MacMillan created the work for The Royal Ballet in 1974, with Antoinette Sibley and Anthony Dowell in the leading roles, though the premiere was ultimately danced by Jennifer Penney and David Wall. From the opening scene in a teeming Paris coaching inn to the desolate swamps of Louisiana where the ballet reaches its devastating conclusion, MacMillan conjures a world of sensuality, moral ambiguity and social hypocrisy with extraordinary theatrical power.
The choreography is celebrated above all for its pas de deux, some of the most demanding and emotionally complex in the entire classical repertoire. The bedroom duet in Act One, the illicit assignation in Act Two, and the heartbreaking final pas de deux in the bayou — where des Grieux cradles the dying Manon — are scenes of almost unbearable intimacy. MacMillan draws fully on the classical vocabulary but pushes it to expressive extremes, using twisted limbs, precarious balances and extreme physical risk to convey the lovers' consuming passion.

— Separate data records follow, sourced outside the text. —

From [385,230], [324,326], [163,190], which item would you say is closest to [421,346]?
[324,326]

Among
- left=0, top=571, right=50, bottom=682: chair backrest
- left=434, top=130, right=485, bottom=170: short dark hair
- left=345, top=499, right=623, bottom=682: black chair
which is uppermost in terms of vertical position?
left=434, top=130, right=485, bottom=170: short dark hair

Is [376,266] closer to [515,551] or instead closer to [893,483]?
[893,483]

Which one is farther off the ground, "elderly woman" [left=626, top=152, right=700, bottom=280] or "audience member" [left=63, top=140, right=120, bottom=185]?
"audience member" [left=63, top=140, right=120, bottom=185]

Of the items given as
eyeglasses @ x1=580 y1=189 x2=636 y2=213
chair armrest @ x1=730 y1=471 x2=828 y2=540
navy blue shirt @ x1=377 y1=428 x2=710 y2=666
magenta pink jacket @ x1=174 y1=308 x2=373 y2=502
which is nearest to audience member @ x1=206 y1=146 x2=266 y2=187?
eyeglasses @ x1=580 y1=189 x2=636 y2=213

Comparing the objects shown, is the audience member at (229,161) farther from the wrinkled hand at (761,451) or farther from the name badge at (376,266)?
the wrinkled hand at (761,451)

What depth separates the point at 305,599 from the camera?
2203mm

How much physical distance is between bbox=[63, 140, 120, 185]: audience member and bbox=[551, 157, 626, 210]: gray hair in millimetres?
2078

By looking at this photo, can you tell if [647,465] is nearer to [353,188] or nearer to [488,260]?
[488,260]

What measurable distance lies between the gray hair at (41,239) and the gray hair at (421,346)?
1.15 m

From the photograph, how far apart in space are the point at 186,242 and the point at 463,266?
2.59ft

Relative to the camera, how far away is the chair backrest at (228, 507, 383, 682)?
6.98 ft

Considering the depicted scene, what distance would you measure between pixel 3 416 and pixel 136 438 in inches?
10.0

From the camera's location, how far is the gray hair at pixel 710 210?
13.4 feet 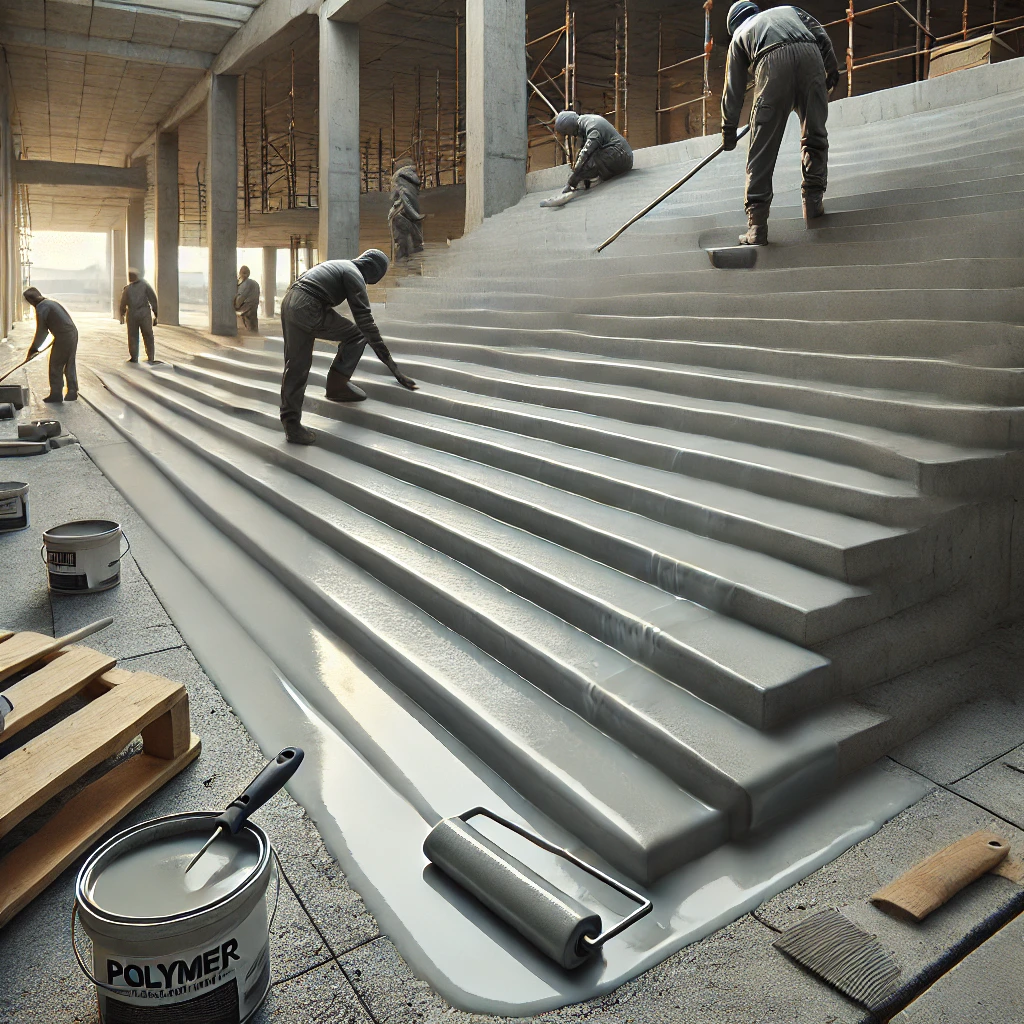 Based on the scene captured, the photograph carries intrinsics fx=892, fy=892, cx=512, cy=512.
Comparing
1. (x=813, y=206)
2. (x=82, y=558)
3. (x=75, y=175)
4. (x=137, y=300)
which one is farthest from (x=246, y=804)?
(x=75, y=175)

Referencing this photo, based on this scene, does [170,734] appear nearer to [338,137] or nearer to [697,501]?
[697,501]

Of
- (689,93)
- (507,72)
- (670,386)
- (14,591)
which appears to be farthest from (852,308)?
(689,93)

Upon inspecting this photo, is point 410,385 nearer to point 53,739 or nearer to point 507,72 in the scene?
point 53,739

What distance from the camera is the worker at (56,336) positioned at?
10430 millimetres

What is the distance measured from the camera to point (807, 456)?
12.8ft

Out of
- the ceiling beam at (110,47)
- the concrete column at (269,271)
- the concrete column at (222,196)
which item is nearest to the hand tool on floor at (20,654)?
the concrete column at (222,196)

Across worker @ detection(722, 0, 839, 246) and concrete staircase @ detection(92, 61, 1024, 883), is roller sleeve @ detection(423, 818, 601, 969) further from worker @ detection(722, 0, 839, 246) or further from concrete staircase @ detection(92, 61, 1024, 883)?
worker @ detection(722, 0, 839, 246)

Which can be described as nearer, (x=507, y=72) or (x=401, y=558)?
(x=401, y=558)

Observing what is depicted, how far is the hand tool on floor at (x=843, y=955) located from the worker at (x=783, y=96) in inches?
189

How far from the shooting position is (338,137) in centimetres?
1332

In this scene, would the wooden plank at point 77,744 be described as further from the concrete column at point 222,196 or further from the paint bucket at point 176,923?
the concrete column at point 222,196

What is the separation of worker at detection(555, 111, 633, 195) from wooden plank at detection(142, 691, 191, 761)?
29.0ft

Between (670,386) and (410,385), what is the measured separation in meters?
2.21

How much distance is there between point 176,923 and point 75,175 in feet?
82.8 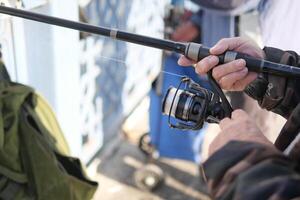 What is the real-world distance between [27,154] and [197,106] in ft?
1.42

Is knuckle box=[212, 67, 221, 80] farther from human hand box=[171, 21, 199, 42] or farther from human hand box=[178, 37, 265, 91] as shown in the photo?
human hand box=[171, 21, 199, 42]

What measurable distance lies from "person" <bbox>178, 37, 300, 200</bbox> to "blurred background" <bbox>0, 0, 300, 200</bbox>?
20 centimetres

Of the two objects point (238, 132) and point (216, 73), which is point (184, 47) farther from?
point (238, 132)

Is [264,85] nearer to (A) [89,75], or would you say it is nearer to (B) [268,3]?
(B) [268,3]

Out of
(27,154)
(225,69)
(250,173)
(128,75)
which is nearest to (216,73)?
(225,69)

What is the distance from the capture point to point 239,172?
2.17 feet

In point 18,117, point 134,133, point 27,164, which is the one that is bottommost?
point 134,133

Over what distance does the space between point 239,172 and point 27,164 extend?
58 cm

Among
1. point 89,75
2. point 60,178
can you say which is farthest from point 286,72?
point 89,75

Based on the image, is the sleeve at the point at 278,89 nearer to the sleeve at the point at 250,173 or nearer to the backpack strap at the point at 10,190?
→ the sleeve at the point at 250,173

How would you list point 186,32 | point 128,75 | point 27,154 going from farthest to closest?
point 128,75, point 186,32, point 27,154

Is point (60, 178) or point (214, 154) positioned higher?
point (214, 154)

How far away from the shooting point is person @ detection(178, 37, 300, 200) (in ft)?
2.08

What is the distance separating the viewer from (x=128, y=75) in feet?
7.82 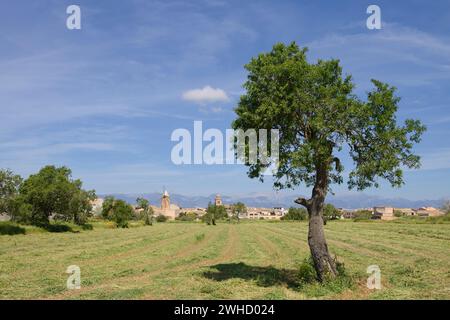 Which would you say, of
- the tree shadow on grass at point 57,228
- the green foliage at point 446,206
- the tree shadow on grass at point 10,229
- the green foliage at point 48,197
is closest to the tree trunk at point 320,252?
the tree shadow on grass at point 10,229

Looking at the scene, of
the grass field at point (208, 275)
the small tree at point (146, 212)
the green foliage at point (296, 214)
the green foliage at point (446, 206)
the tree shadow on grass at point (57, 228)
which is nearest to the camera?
the grass field at point (208, 275)

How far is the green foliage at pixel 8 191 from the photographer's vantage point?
67.9m

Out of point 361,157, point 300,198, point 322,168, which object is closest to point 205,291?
point 300,198

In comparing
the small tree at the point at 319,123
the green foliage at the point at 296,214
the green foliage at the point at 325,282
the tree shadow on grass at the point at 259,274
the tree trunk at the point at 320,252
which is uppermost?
the small tree at the point at 319,123

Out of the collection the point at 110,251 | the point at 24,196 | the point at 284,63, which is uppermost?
the point at 284,63

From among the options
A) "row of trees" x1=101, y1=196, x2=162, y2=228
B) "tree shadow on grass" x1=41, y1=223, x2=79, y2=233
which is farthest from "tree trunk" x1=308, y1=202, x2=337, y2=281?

Manon remains one of the signature works of both The Royal Ballet and English National Ballet, and a touchstone role for the world's great dramatic ballerinas. Its combination of technical virtuosity and emotional depth makes it as powerful today as when MacMillan first unveiled it to a stunned Covent Garden audience over fifty years ago.
Upcoming Performances
No upcoming performances scheduled.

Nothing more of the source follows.